Dataset content: Begin
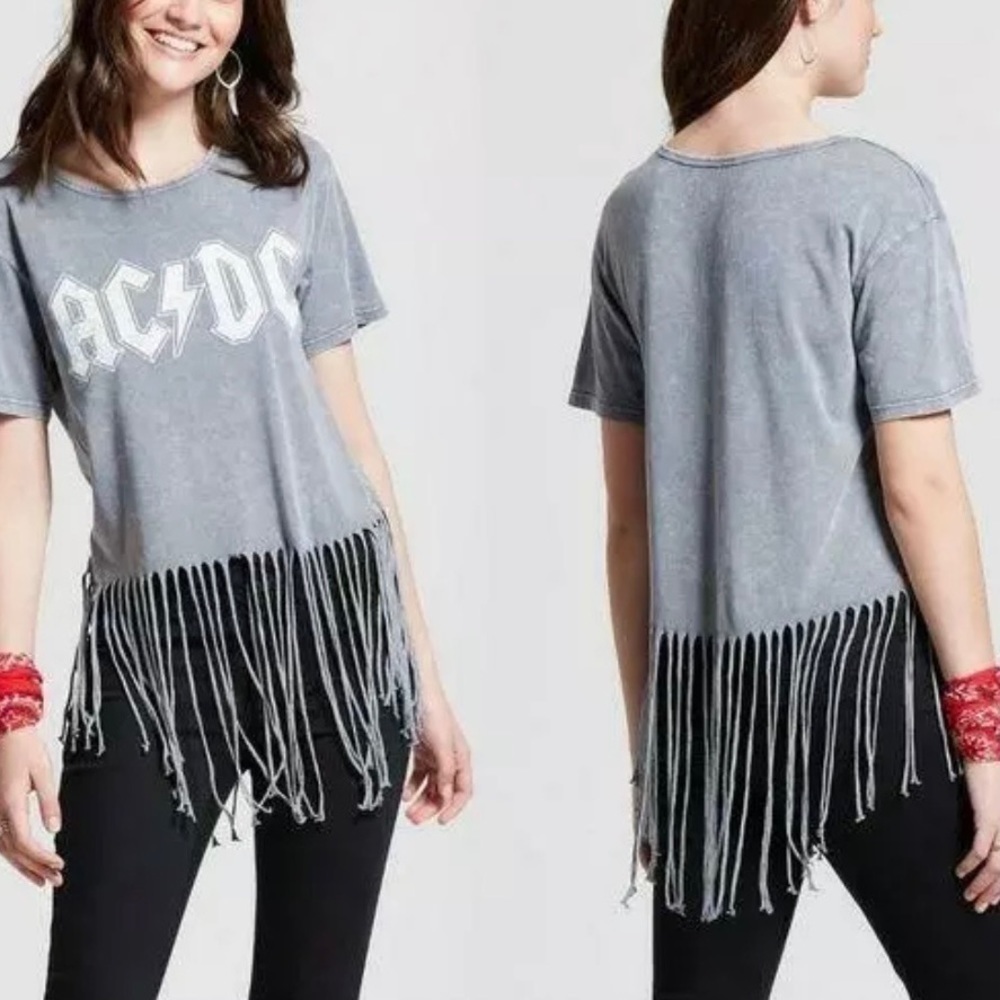 AC/DC Grey Stonewash Graphic Crop Fringe Tee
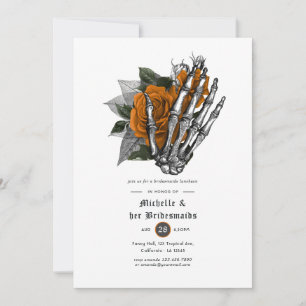 Orange Floral Gothic Skulls Bridesmaids Luncheon Invitation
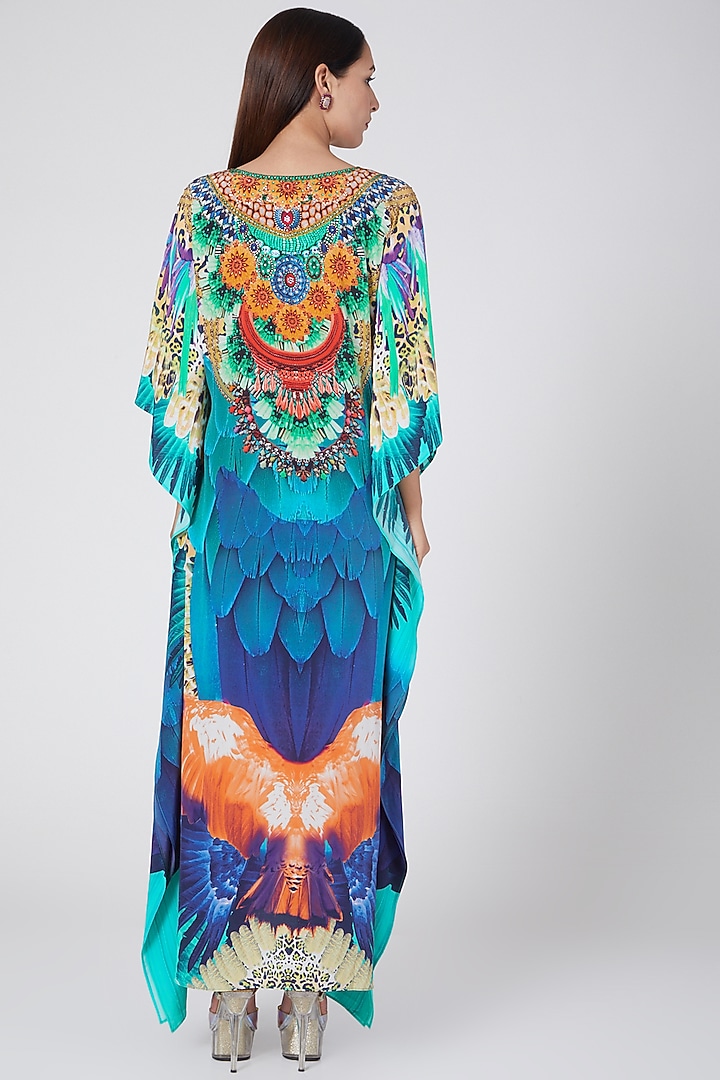 Yellow & Cobalt Blue Tribal Embellished Silk Full Length Kaftan by First Resort by Ramola Bachchan at Pernia's Pop Up Shop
Dataset content: End
• [Task details]
Please retype all of the material exactly, skipping whatever images it holds.

• [Solution below]
 AC/DC Grey Stonewash Graphic Crop Fringe Tee
 Orange Floral Gothic Skulls Bridesmaids Luncheon Invitation
 Yellow & Cobalt Blue Tribal Embellished Silk Full Length Kaftan by First Resort by Ramola Bachchan at Pernia's Pop Up Shop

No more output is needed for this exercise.